Image-space Caustics and Curvatures

July 28, 2008
9:30am-10:30am (NOTE TIME CHANGE)
Halligan 111B
Speaker: Jingyi Yu, University of Delaware

Abstract

Abstract: Caustics are important visual phenomena, as well as challenging global illumination effects in computer graphics. Physically caustics can be interpreted from one of two perspectives: in terms of photons gathered on scene geometry, or in terms of a pair of caustic surfaces. These caustic surfaces are swept by the foci of light rays. In this paper, we develop a novel algorithm to approximate caustic surfaces of sampled rays. Our approach locally parameterizes rays by their intersections with a pair of parallel planes. We show neighboring ray triplets are constrained to pass simultaneously through two slits, which rule the caustic surfaces. We derive a ray characteristic equation to compute the two slits, and hence, the caustic surfaces. Using the characteristic equation, we develop a GPU-based algorithm to render the caustics. Our approach produces sharp and clear caustics using much fewer ray samples than the photon mapping method and it also maintains high spatial and temporal coherency. Finally, we present a normal-ray surface representation that locally parameterizes the normals about a surface point as rays. Computing the normal ray caustic surfaces leads to a novel real-time discrete shape operator.

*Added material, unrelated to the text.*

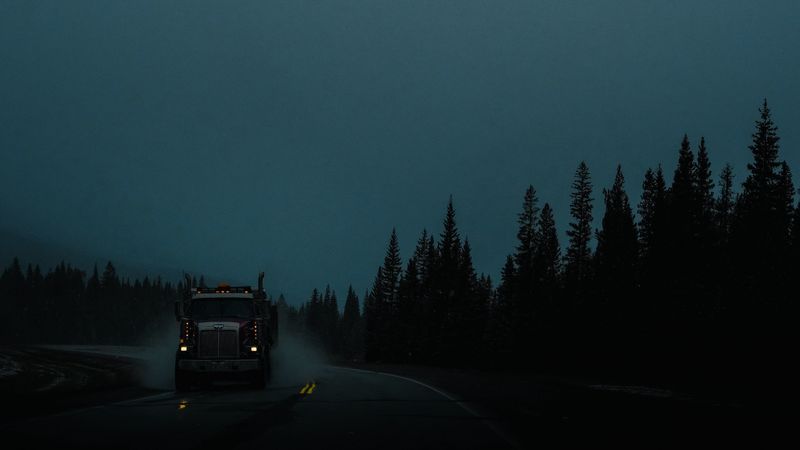 truck, machine, lights, road, evening, dusk, 4k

Bio: Jingyi Yu is an assistant professor at Computer and Information Sciences Department at University of Delaware. He received his B.S. from Caltech in 2000 and M.S. and Ph.D. degree in Electrical Engineering and Computer Science from MIT in 2005. His research interests span a range of topics in computer graphics, computer vision, and computational photography, including video surveillance, non-conventional optics and camera design, and graphics hardware.